At a criminal trial no error appeared in the exclusion from evidence of an attendance record kept at a group home for young adult males, in the absence of any showing that would have enabled the judge to make the preliminary findings required before admitting the record under the business records exception to the hearsay rule. [361-362]
At the trial of an indictment for armed robbery, the prosecutor's remark that "[t]he streets . . . are becoming a jungle," while irrelevant, was adequately dealt with in a charge directing the jury's attention solely to the evidence presented at trial. [362-363]
At the trial of an indictment for armed robbery the judge properly refused to instruct the jury on lesser included offenses of unarmed robbery and simple assault, where the defendant's attorney in his closing argument and in his thorough cross-examination of the victim conceded the fact of the robbery and did not dispute the presence of a gun. [363-364]
The judge at a criminal trial did not err by twice referring to the defendant as an "inmate" of a group home for young adult males. 
INDICTMENT found and returned in the Superior Court on October 27, 1975.
The case was tried before Roy, J.
Richard K. Latimer for the defendant.
Sandra L. Hamlin, Assistant District Attorney, for the Commonwealth.
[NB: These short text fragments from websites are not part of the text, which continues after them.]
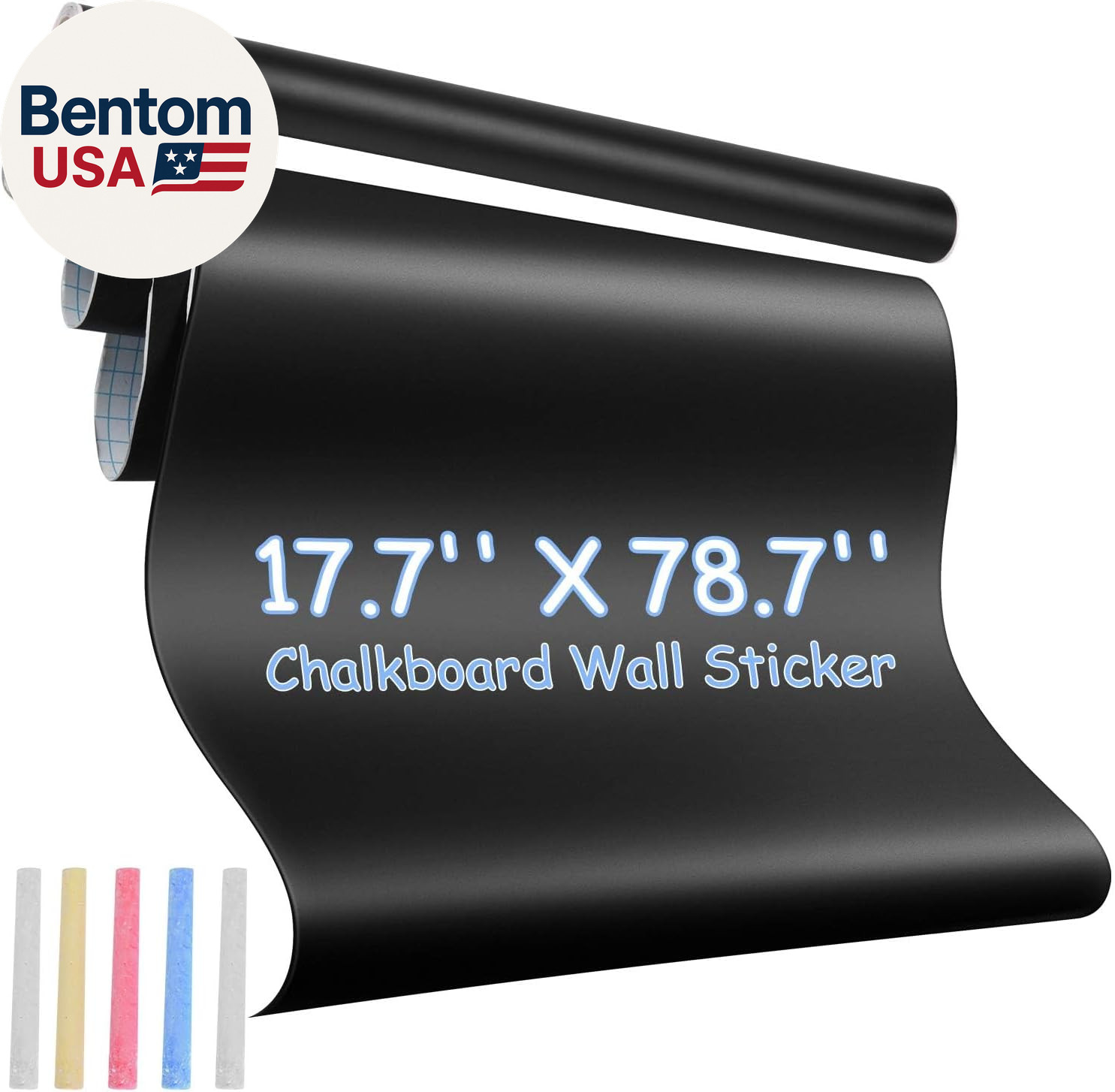 Chalkboard Wall Stickers Blackboard Wall Decals Self Adhesive Removable Reusable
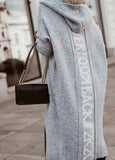 2025 Long Cardigan Hoodie Knitted Sweater Jacket Long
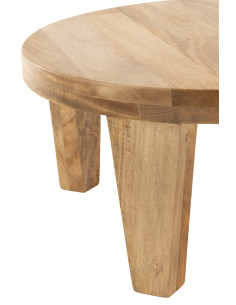 Table basse ronde en bois de manguier naturel 2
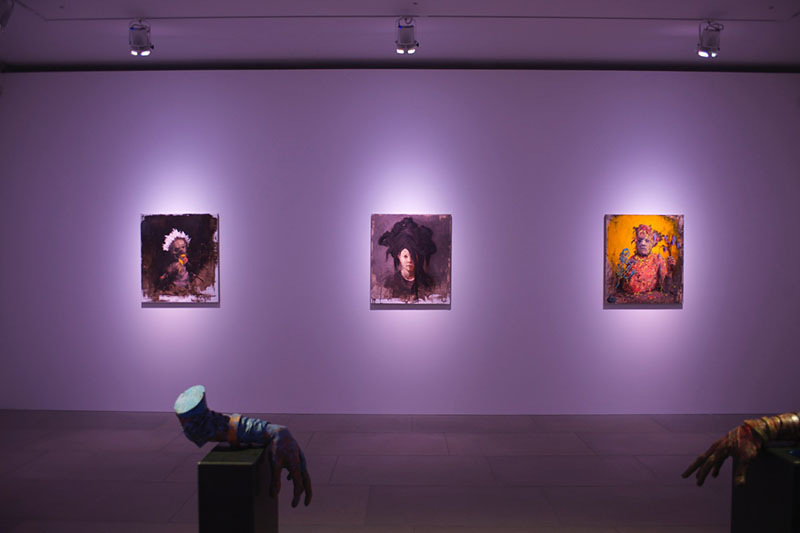 Jonas Burgert’s exhibition, Stück Hirn Blind, is on at London’s Blain Southern gallery in Hanover Square in London until 22 November.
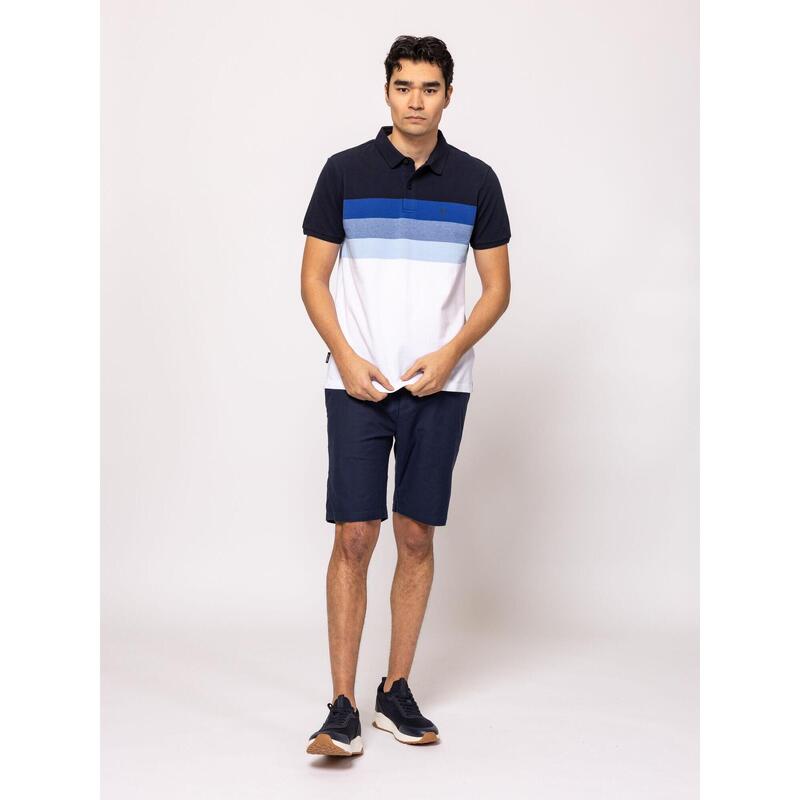 Tricou cu mânecă scurtă, cu guler, pentru bărbați DEVON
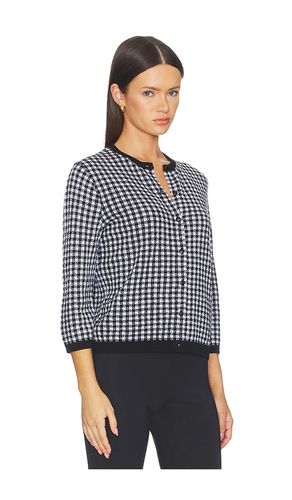 Gingham 3/4 Sleeve Cardi en ,. Taille XS. Also en S, M - Vince - Modalova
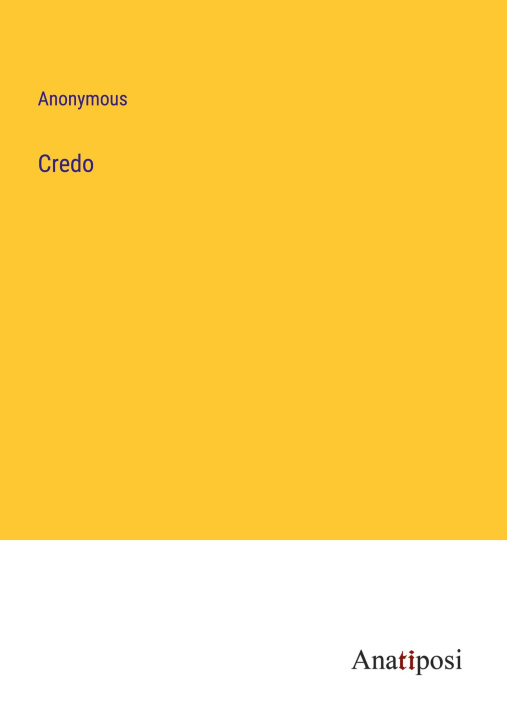 Knjiga Credo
HALE, C.J. The defendant was found guilty after a jury trial held pursuant to G. L. c. 278, Sections 33A-33G, on an indictment charging him with armed robbery and has appealed. He claims to have been prejudiced by the judge's rulings on the admission and exclusion of evidence, by certain statements made in the jury's presence by both the judge and the prosecutor, and by the judge's refusal to instruct the jury on lesser included offenses of armed robbery. We summarize the facts which could have been found by the jury.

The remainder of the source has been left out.